_Data excerpt_
++++++
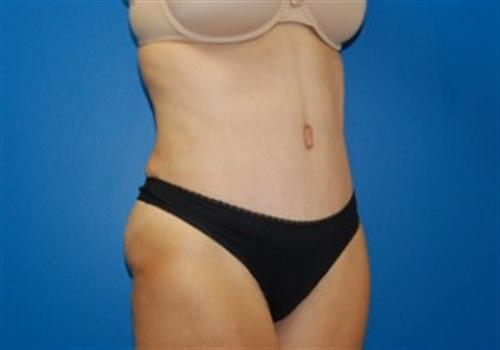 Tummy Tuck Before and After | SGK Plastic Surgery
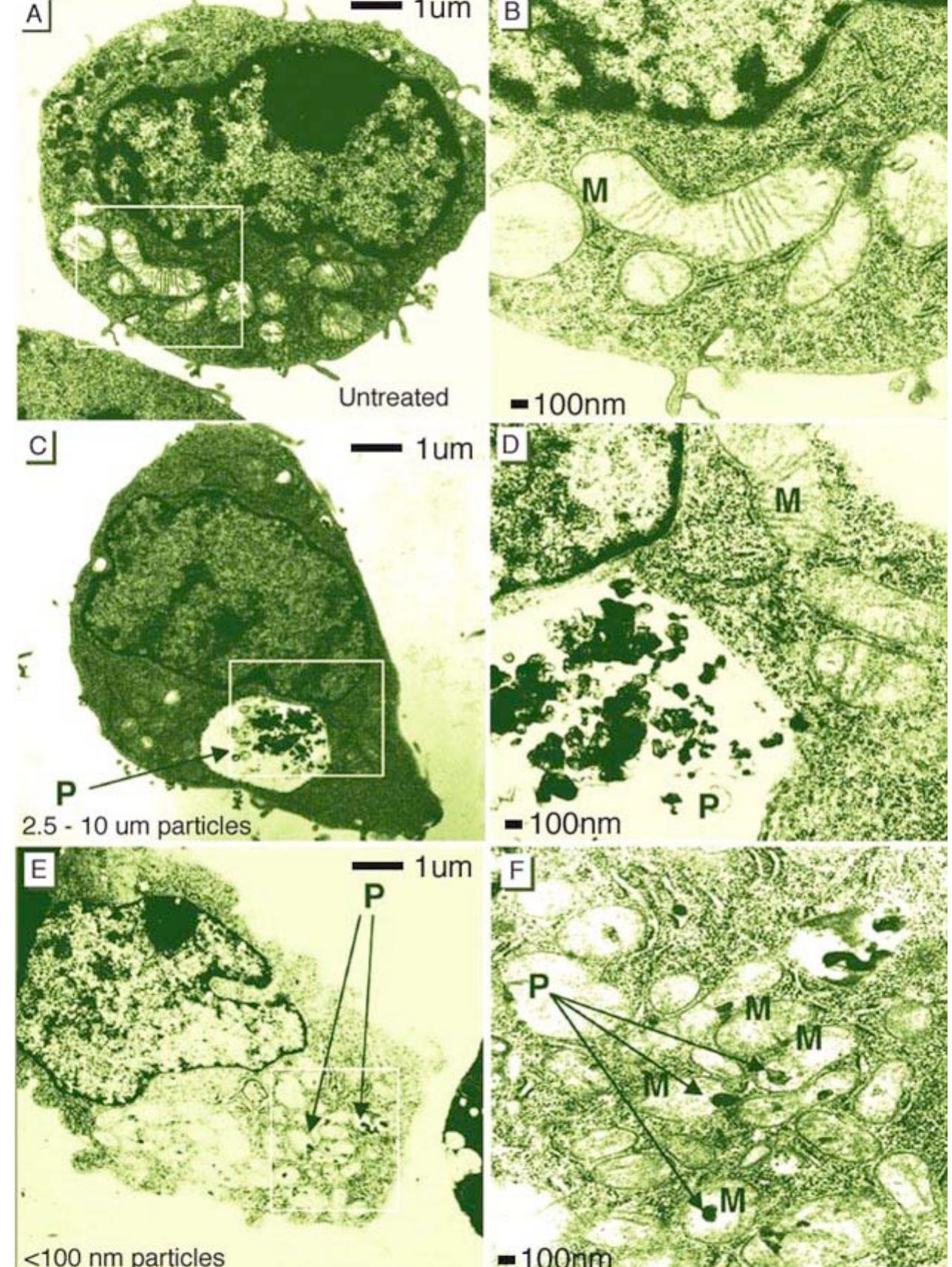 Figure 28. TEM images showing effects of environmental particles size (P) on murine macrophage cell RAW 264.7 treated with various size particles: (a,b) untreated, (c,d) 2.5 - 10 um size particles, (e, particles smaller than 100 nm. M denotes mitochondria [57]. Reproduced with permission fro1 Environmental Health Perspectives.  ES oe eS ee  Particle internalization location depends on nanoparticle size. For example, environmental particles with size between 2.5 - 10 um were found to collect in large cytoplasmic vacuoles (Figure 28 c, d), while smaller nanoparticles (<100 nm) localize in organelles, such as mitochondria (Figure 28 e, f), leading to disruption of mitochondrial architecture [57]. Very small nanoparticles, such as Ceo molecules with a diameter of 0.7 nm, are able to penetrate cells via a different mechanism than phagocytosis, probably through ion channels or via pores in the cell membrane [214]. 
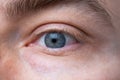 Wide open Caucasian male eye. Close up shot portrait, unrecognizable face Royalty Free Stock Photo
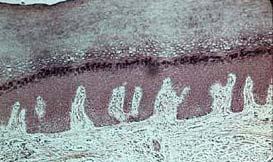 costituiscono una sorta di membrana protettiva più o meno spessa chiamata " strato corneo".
++++++
Aside from the pictures, repeat the listing exactly.

_Finished task_
 Tummy Tuck Before and After | SGK Plastic Surgery
 Figure 28. TEM images showing effects of environmental particles size (P) on murine macrophage cell RAW 264.7 treated with various size particles: (a,b) untreated, (c,d) 2.5 - 10 um size particles, (e, particles smaller than 100 nm. M denotes mitochondria [57]. Reproduced with permission fro1 Environmental Health Perspectives.  ES oe eS ee  Particle internalization location depends on nanoparticle size. For example, environmental particles with size between 2.5 - 10 um were found to collect in large cytoplasmic vacuoles (Figure 28 c, d), while smaller nanoparticles (<100 nm) localize in organelles, such as mitochondria (Figure 28 e, f), leading to disruption of mitochondrial architecture [57]. Very small nanoparticles, such as Ceo molecules with a diameter of 0.7 nm, are able to penetrate cells via a different mechanism than phagocytosis, probably through ion channels or via pores in the cell membrane [214]. 
 Wide open Caucasian male eye. Close up shot portrait, unrecognizable face Royalty Free Stock Photo
 costituiscono una sorta di membrana protettiva più o meno spessa chiamata " strato corneo".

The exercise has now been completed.